**About this exercise**
Print exactly the lines from the one containing "Rochie cu volane" through the last line of the entries below; the pictures stay out of the copy.

Listed entries Start Marker

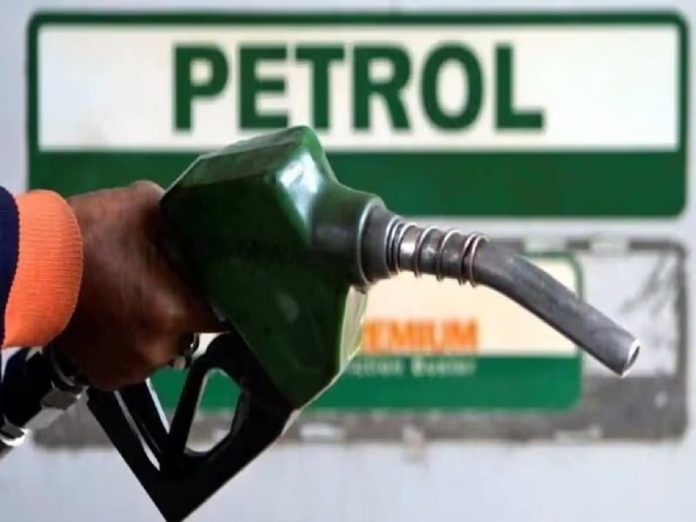 Petrol Diesel Price : खुशखबर! महाराष्ट्रात पेट्रोल-डिझेल 'इतक्या' रुपयांनी स्वस्त, जाणून घ्या नवीनतम दर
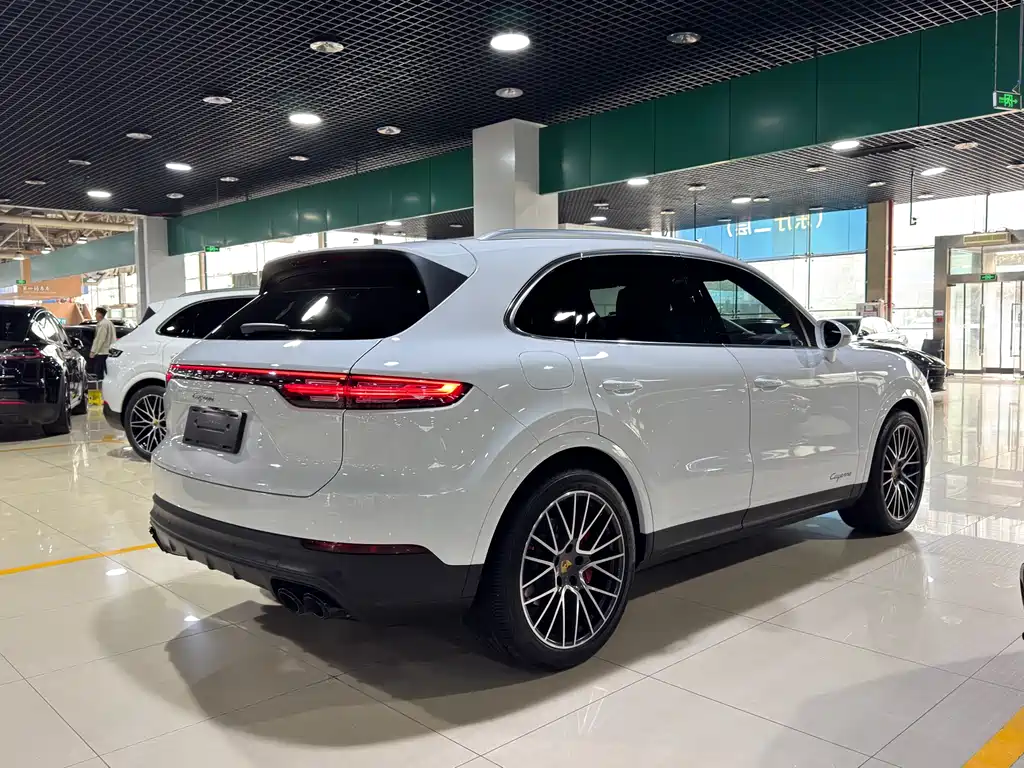 Cayenne 2023 Cayenne 3.0T купить на сайте DeffCars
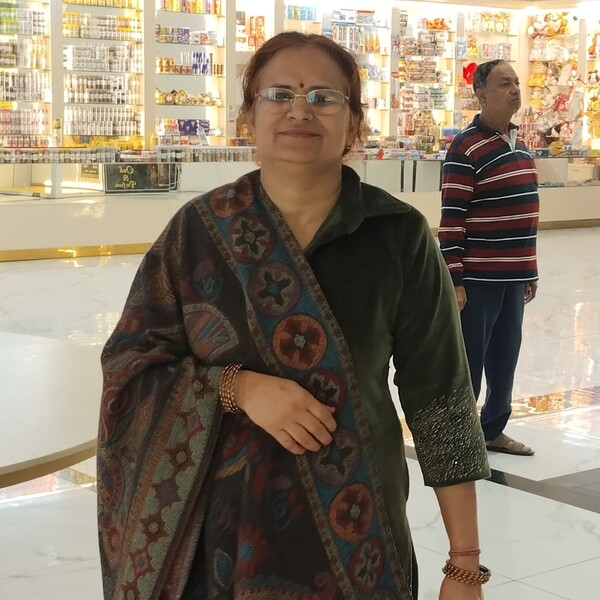 Sudha - Hindi tutor - Faridabad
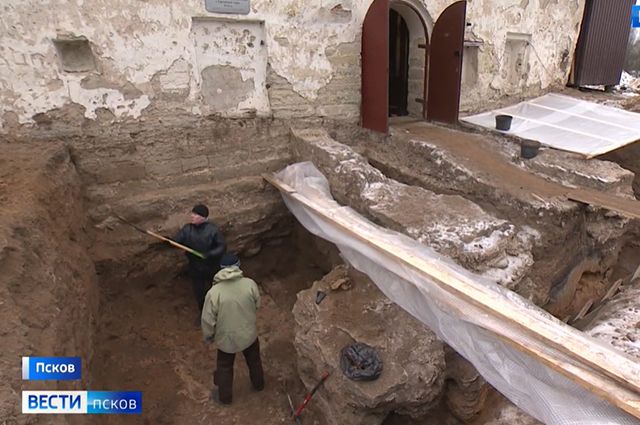 Ранее неизвестные помещения нашли псковские археологи в храме XVI века
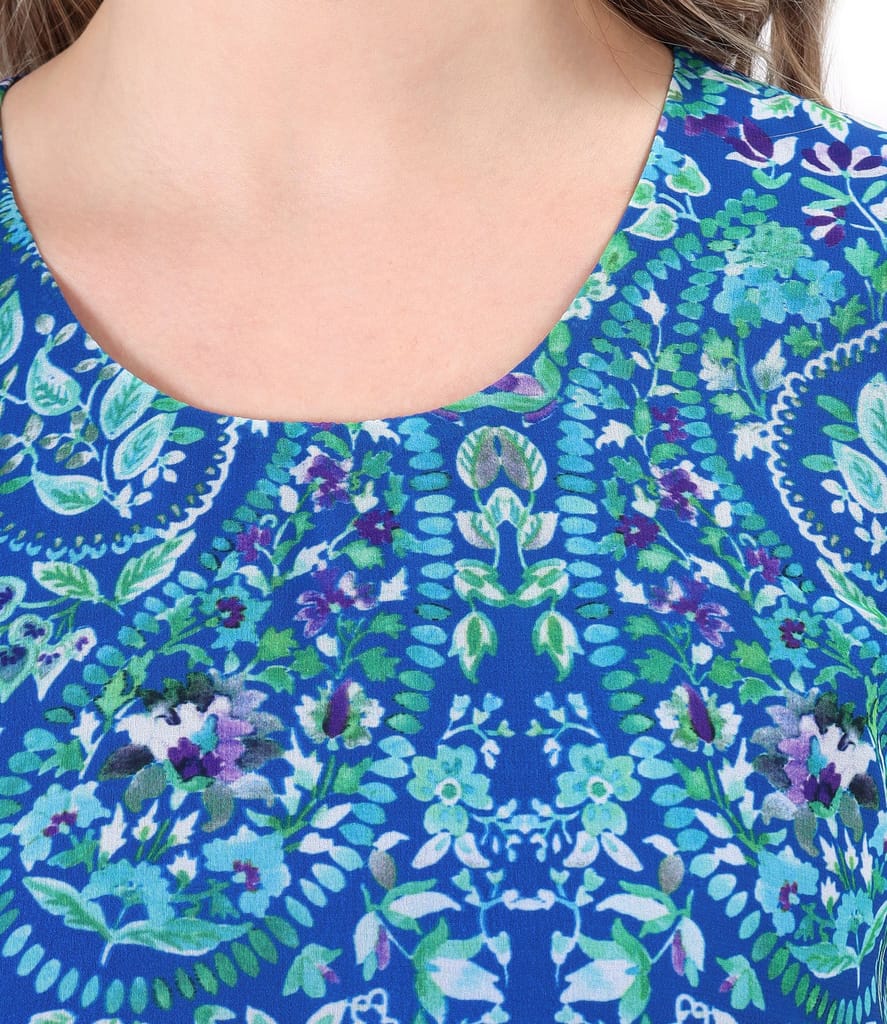 Rochie cu volane din voal imprimat cu motive florale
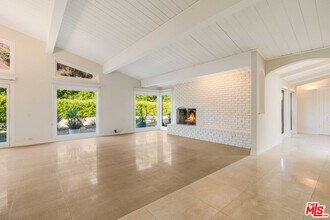 1200 El Hito Cir in Los Angeles, CA - Building Photo - Building Photo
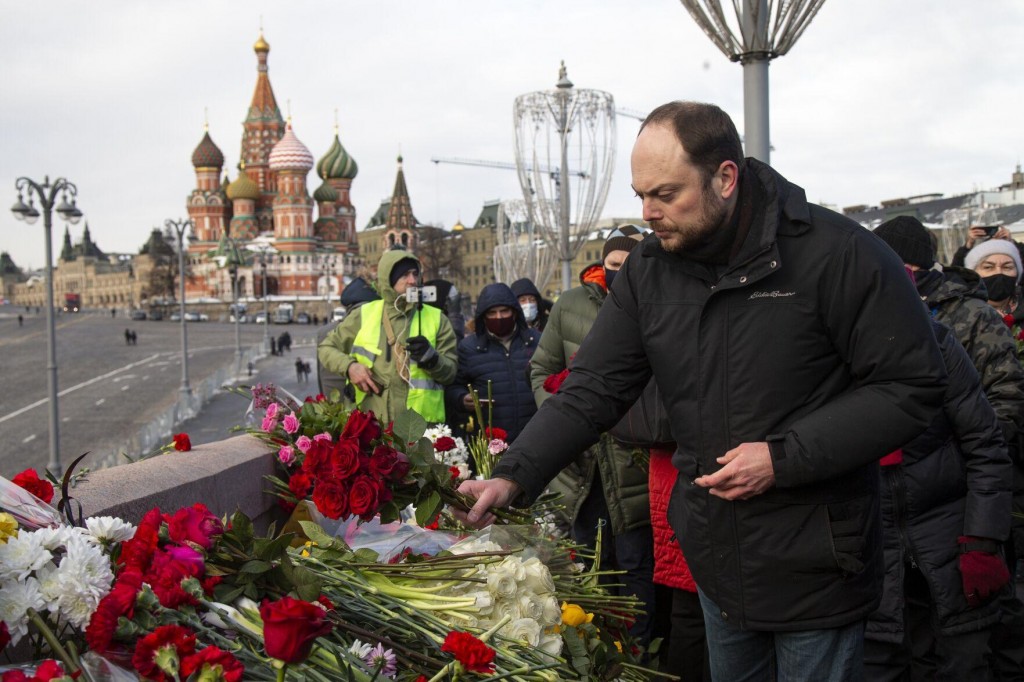 Russians Lay Flowers To Mark Opposition Leader’s Killing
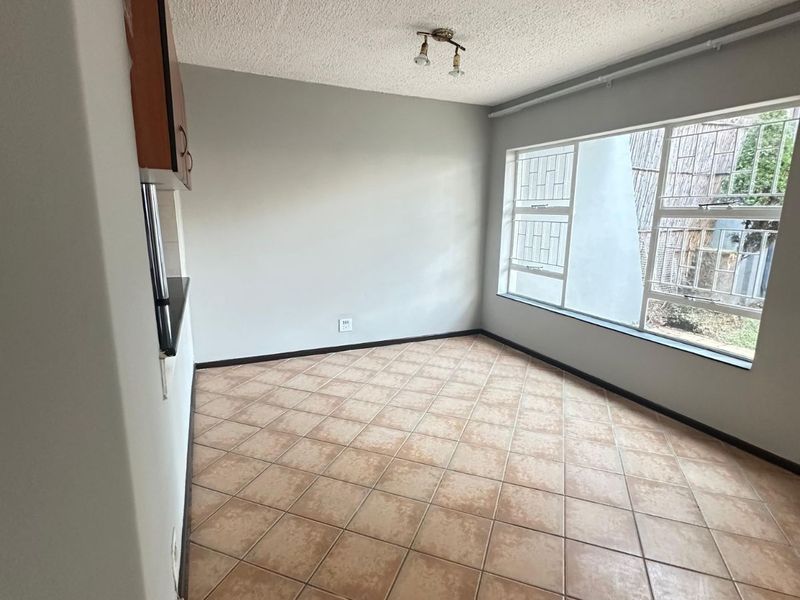 Townhouse For Sale in Moreleta Park - Photo 4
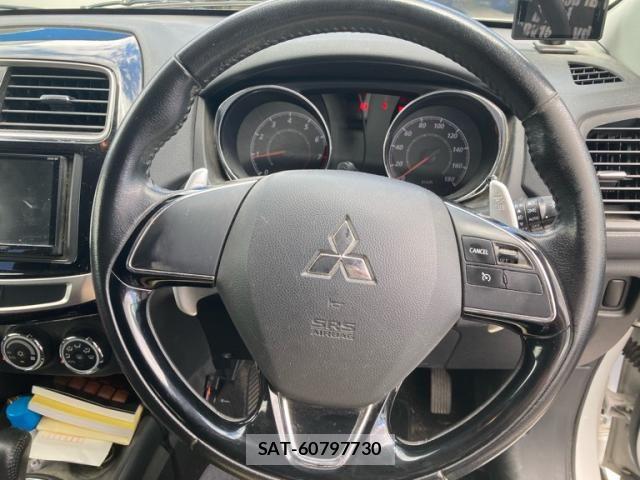Mitsubishi RVR 2017-08 8414796-11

Listed entries End Marker

**Output for this task**
 Rochie cu volane din voal imprimat cu motive florale
 1200 El Hito Cir in Los Angeles, CA - Building Photo - Building Photo
 Russians Lay Flowers To Mark Opposition Leader’s Killing
 Townhouse For Sale in Moreleta Park - Photo 4
Mitsubishi RVR 2017-08 8414796-11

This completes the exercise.